The Pound Euro exchange rate (GBP/EUR) traded in a wide range last week, hitting a fresh 23-month high before relinquishing all of its gains.
This morning, GBP/EUR has slipped. The UK’s flash PMIs for January missed forecasts, while strong expansion in Germany’s manufacturing sector boosted the single currency.
What’s Been Happening: GBP/EUR Sheds Gains on Retail Sales Slump
The Euro (EUR) initially gained some ground against the Pound (GBP) last week. This was in part due to a better-than-expected ZEW economic sentiment score from Germany.
However, central bank policy divergence eventually pressured EUR to the downside. While markets expect the Federal Reserve and Bank of England (BoE) to tighten policy throughout 2022, the European Central Bank (ECB) maintains its dovish stance.
The single currency then regained its losses on Friday as a risk-off mood helped the safe-haven Euro recover against a weakening Pound.

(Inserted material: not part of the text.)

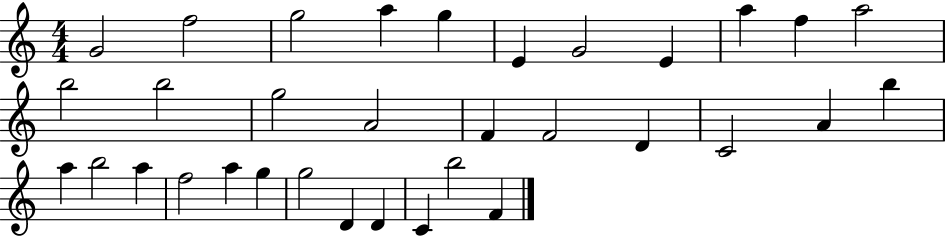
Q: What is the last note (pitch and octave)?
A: F4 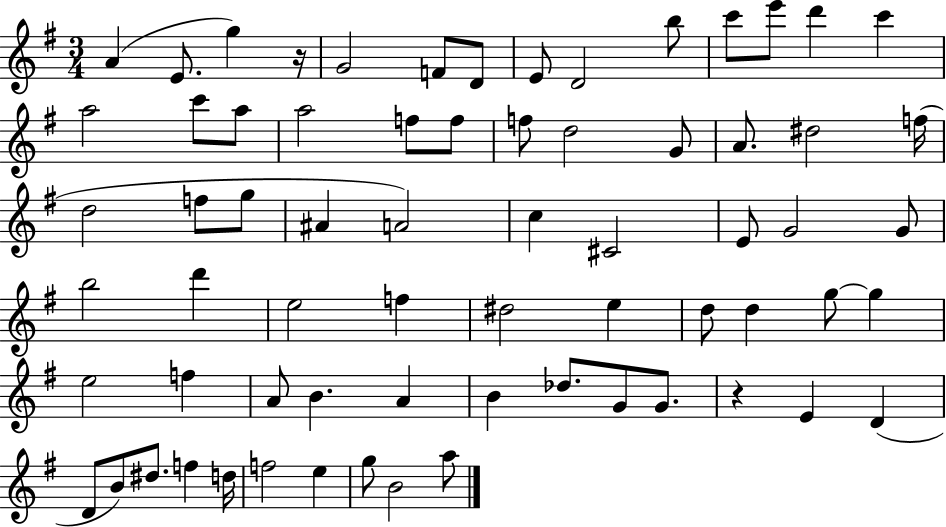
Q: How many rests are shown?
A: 2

Meanwhile, Sterling edged lower early last week as uncertainty around Boris Johnson’s future as Prime Minister prompted caution among GBP investors.

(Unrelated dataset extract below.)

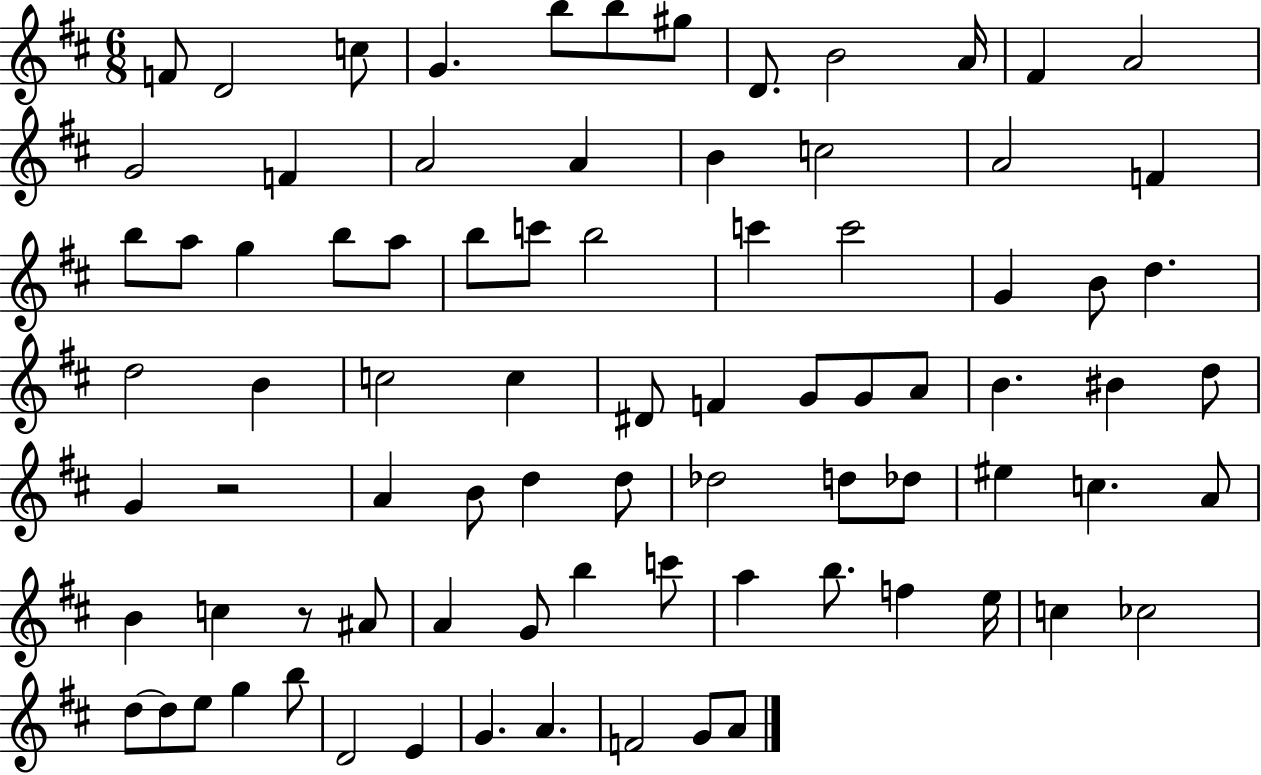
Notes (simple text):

F4/e D4/h C5/e G4/q. B5/e B5/e G#5/e D4/e. B4/h A4/s F#4/q A4/h G4/h F4/q A4/h A4/q B4/q C5/h A4/h F4/q B5/e A5/e G5/q B5/e A5/e B5/e C6/e B5/h C6/q C6/h G4/q B4/e D5/q. D5/h B4/q C5/h C5/q D#4/e F4/q G4/e G4/e A4/e B4/q. BIS4/q D5/e G4/q R/h A4/q B4/e D5/q D5/e Db5/h D5/e Db5/e EIS5/q C5/q. A4/e B4/q C5/q R/e A#4/e A4/q G4/e B5/q C6/e A5/q B5/e. F5/q E5/s C5/q CES5/h D5/e D5/e E5/e G5/q B5/e D4/h E4/q G4/q. A4/q. F4/h G4/e A4/e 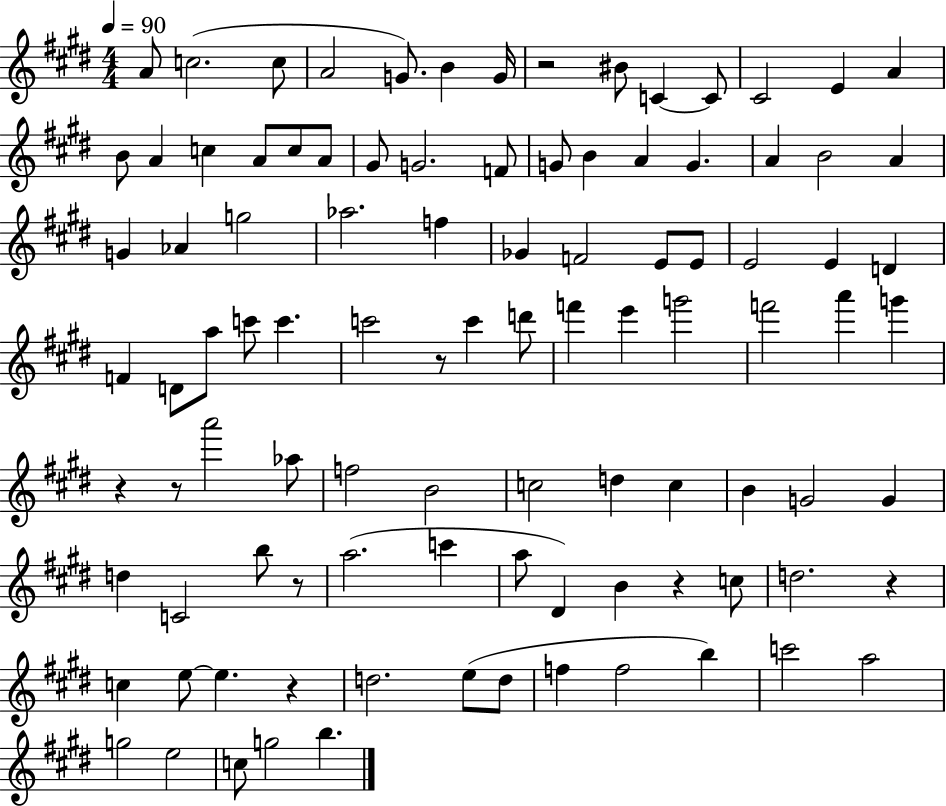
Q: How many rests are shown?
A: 8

The Pound Euro exchange rate then held strong through most of the week. Upbeat jobs data and a higher-than-forecast inflation rate increased the likelihood of a BoE rate hike on 3 February.
Sterling couldn’t hold its gains, however, as UK retail sales slumped by 3.7% in December. This was far worse than the 0.6% contraction economists had expected.
Three Things to Watch Out for This Week
- UK Politics
With market-moving UK data thin on the ground this week, the country’s current political turmoil could drive GBP movement – particularly the findings of Sue Gray’s parties inquiry.
- Federal Reserve Interest Rate Decision
The Fed decision could affect GBP/EUR through its impact on risk appetite and through movements in the US Dollar (USD), due to EUR and USD’s negative correlation.
- Germany GDP Growth Rate
Markets expect Europe’s largest economy to have contracted by 0.2% in the fourth quarter of 2021, which could dent EUR.
Another week of volatility could be in store. UK political news and the Fed’s rate decision could impact markets in unexpected ways, while economic data releases and uncertainty around the Russia-Ukraine conflict add to the uncertainty.